Apuntado lo anterior y de la mano de DDD, me parece digno de proponer para su comentario un antiguo concepto afectado a la mitología de todas las culturas mencionadas anteriormente y que viene a denominarse en transliteración al acadio, la lengua diplomática del antiguo Oriente Próximo, como “ilānū ša dārātim”, los “Dioses Primigenios”, o en hittita como “karuileš šiuneš”: Los “Viejos Dioses”.

Se debe entender como “Viejos Dioses” a las divinidades reinantes en los mas antiguos y caóticos tiempos de su explicación genésica universal, y que fueron engendrados de manera sexual e incestuosa, habitualmente. – A modo de reseña, en la Teogonía de Hesíodo, decir que el Cielo/Urano se une a su madre Gea/Tierra dando vida a los “Grandes Dioses”. Léase el Río/Oceano, la Ley/Themis y el Recuerdo/Nemesis, concordando con las personalidades del mas antiguo ciclo mitológico hurrito-hittita, como veremos mas adelante -. En su generalidad y ateniéndonos a tales ciclos mitológicos, los “Dioses primigenios” se presentarían por parejas, conformadas por un ente masculino y otro femenino que parecen tener una correlación y un origen etimológico semejante entre ellas para el conjunto de las teogonías divinas de Oriente Próximo. Teogonías que obtendrán sus diferencias y particularidades, exclusivamente, como fruto del desarrollo mitológico de las siguientes generaciones de cada saga deítica y que incidirá tanto en su nomenclatura como en su cantidad y carácter.

Otra de las características aglutinantes de éstos dioses ancestrales, es la de ser sustituidos por una renovada descendencia, siendo su final destino en el “Mas Allá”, bien por ser muertos, o bien por ser desterrados al Inframundo.

Como nota al margen, decir que que el concepto de “Inframundo” no debe ser asimilado a su interpretación actual como “Infierno”, sino a su pretérita acepción como lugar de destino de la “esencia divina”, el “sense”, tras la muerte. De hecho, éstos entes tenían la posibilidad de “volver a a la vida” mediante prohibidas plegarias mágicas y su aceptación por parte de la entidad invocada. De igual manera y en nuestro caso, su personalidad caótica ha de entenderse como “fuerzas incontroladas” de la Naturaleza, ausentes por tanto de ética y moral, y con un ilimitado poder de destrucción, de ahí el peligro de su intencionada invocación. – En los antiguos textos jurídicos, caso del hittita y babilónico, la práctica de la hechicería y la brujería eran delitos de “lesa majestad” y juzgados con extrema dureza por el rey – De esta guisa, habría que entender la creación de Inframundo como una necesidad vinculada al poso ritual y de creencias afecto al paleolítico culto a los ancestros. Dicho esto, cuando en los textos bíblicos percibimos la existencia de “demonios” y/o “dioses” de personalidad infernal, éstos han de ser interpretados como “dioses anteriores” defenestrados ante el cambio de devociones, por méritos adquiridos, hacia su/s sustituto/s.

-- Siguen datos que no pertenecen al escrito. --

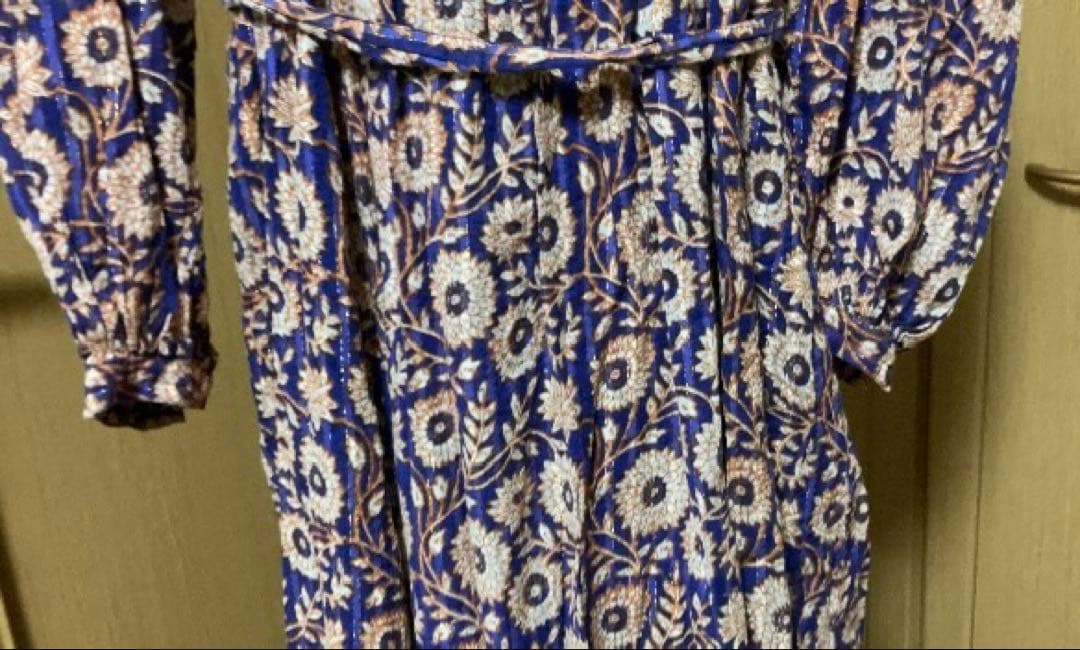 ne Quittez pas 花柄ロングワンピース 長袖 Vネック　Sサイズ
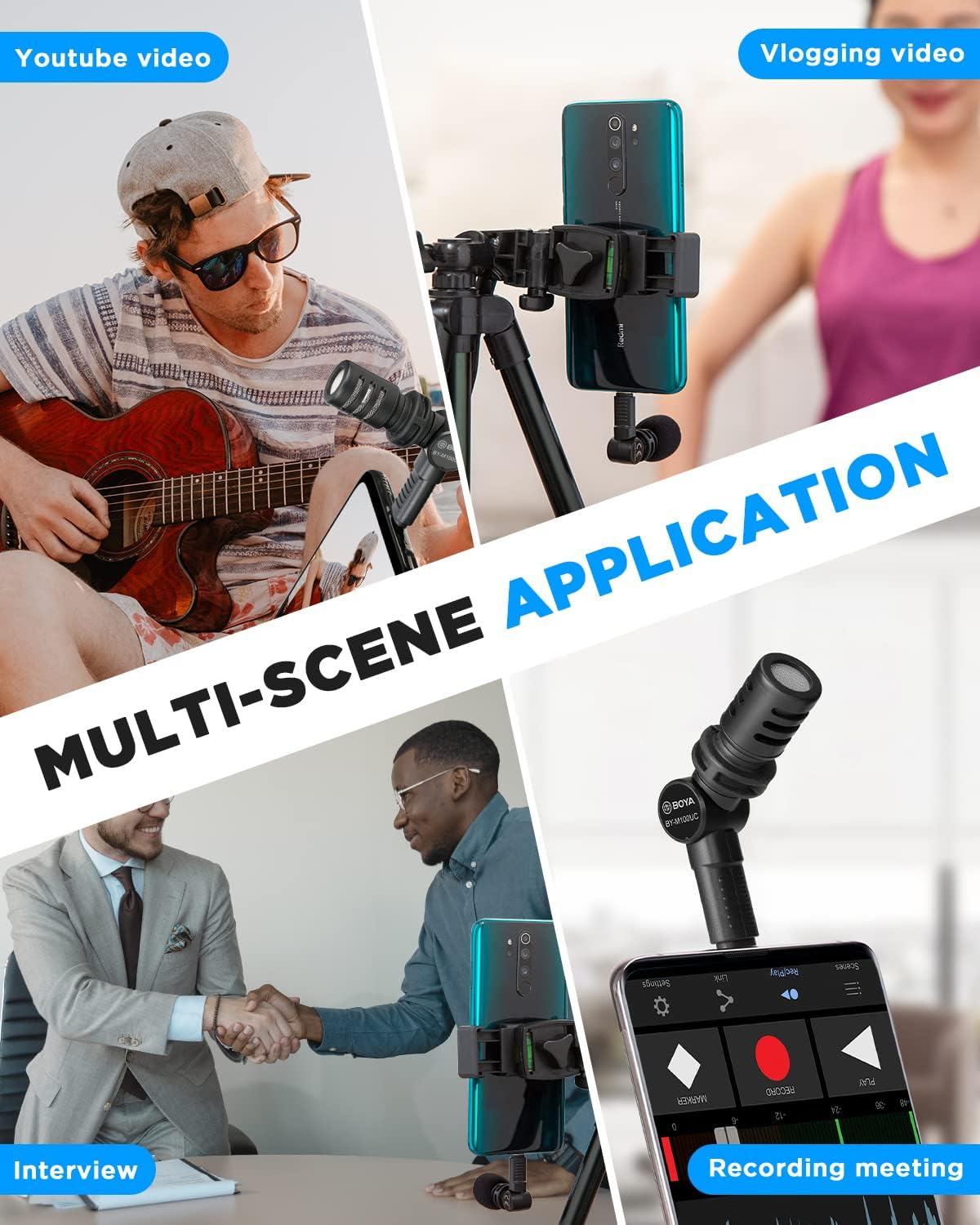 BOYA BY-M100UC Mini USB C Microphone Plug&Play Lapel Mic with Type-C Connector for Android Smartphone Latop OSM Action2/3 YouTube/Vlog/Interview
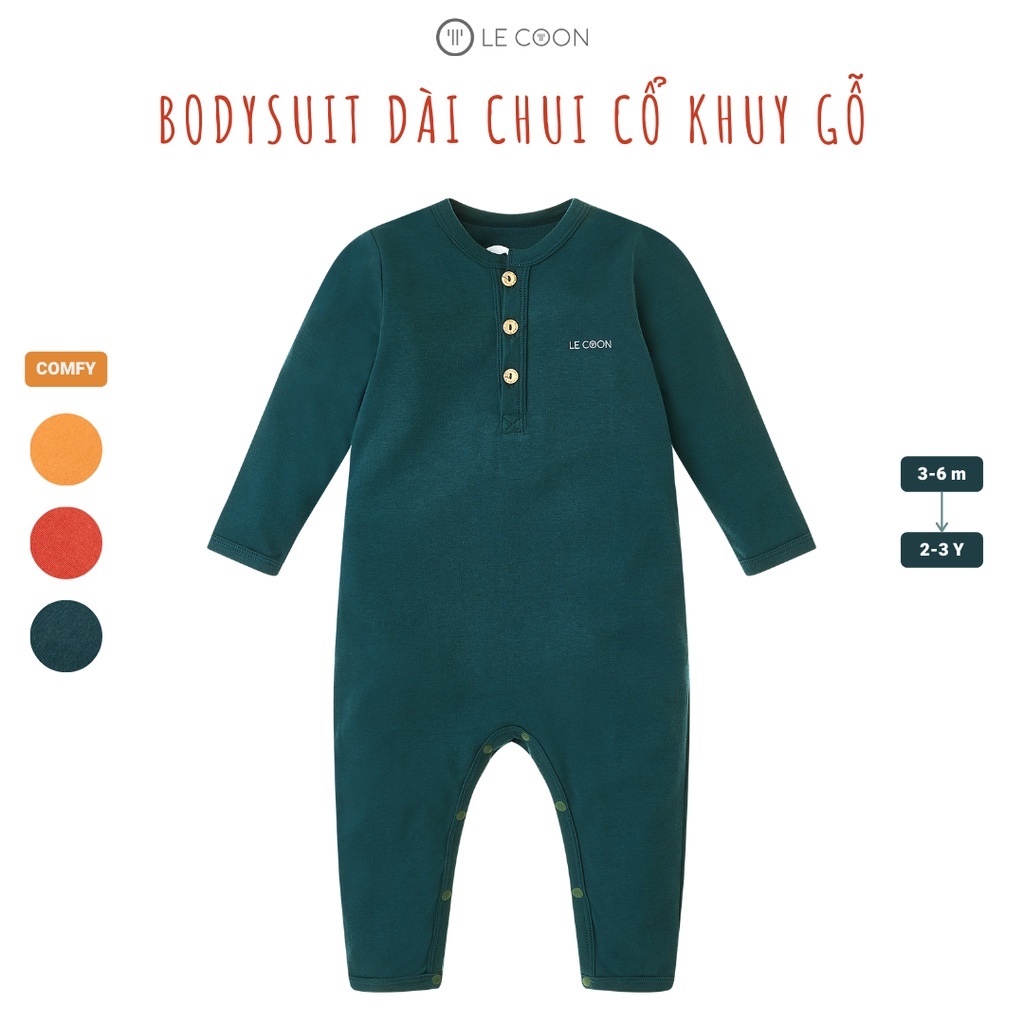 LE COON | Bodysuit Dài Chui Cổ Khuy Gỗ | COMFY | 3 tháng-3 tuổi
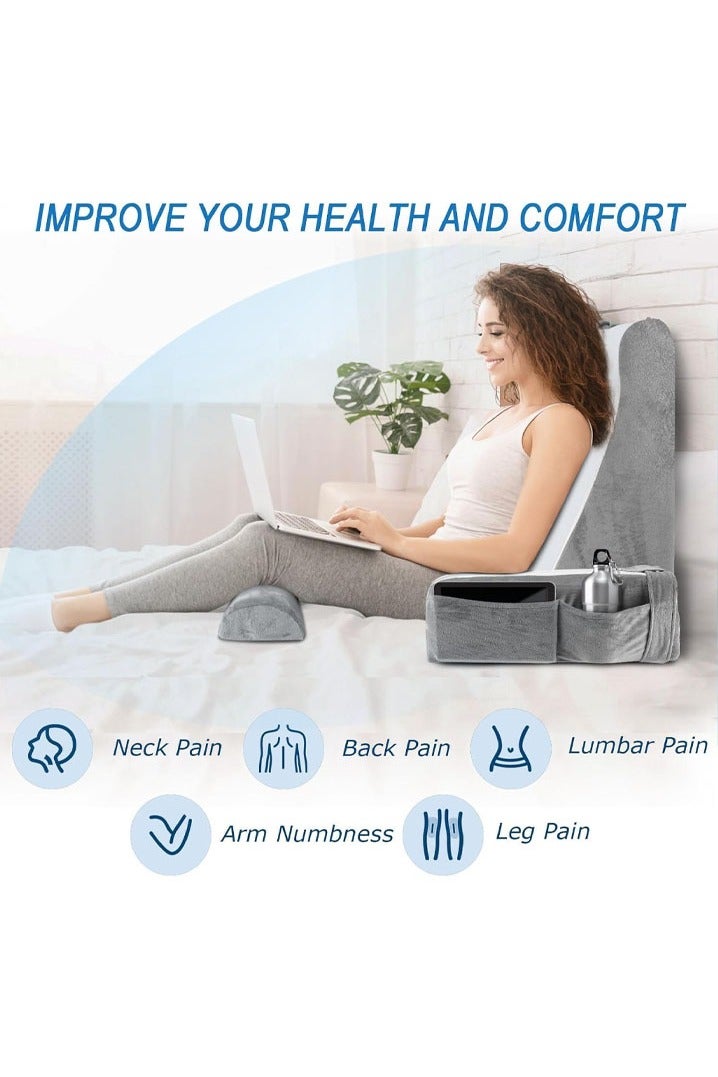 L&E Reading Pillow for Bed - Back Pillow for Bed Sitting Up with Arms Rest, Full Support Back Rest Pillow for Adult Bed Rest Pillow for Reading/Watching TV/Resting/Gaming - Image 4
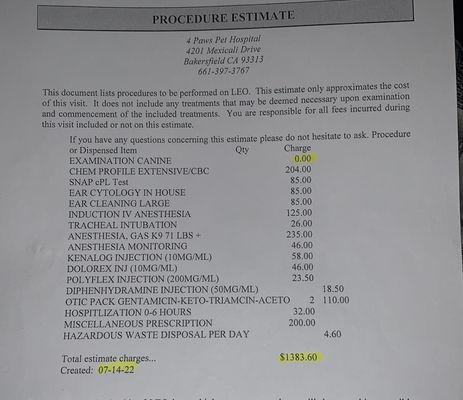 This is the estimate of what 4 Paws Pet Hospital would have charged me if I would have chose to take my dog here. RIDICULOUS!!!!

Evidentemente, dado su destierro, el culto templario hacia los “Dioses primigenios” no tendría sentido, al no ser participes de la “economía divina” y del “orden cósmico”, fruto del posterior reparto que su descendencia, los “Jóvenes Dioses”, harán de sus posesiones dentro del “Mundo de lo Vivo”, salvo, tal vez, las involucradas directamente con el acontecimiento de la Muerte – Un ejemplo claro es, y dentro del ámbito presentado, será el dios egipcio Ogdoad, dado el carácter de la religión del Nilo, aunque también puede ser percibido en otras divinidades, residuo de los cultos paleolíticos hacia la Fertilidad, caso de la “Diosa-Madre”. Situación que cambiará cuando, y a partir del II milenio a.c., el dios supremo compendie la personalidad del resto de las divinidades – Apuntado lo anterior y dentro de las posibilidades definidas como “Culto a los Ancestros”, será posible consultar su postura o hacer de intermediarios en disputas y enjuiciamientos entre su descendencia (Wilhem, 1989), pudiendo, en el caso hurrito-hittita, ser interpelados oracularmente en la interpretación de sueños y sucesos paradójicos, – Su versión bíblica está en Samuel 28:3, la “Bruja de Endor” – o bien para formar parte de juramentos, bien para legislar y/o juzgar disputas en el Inframundo (Archi, 1990).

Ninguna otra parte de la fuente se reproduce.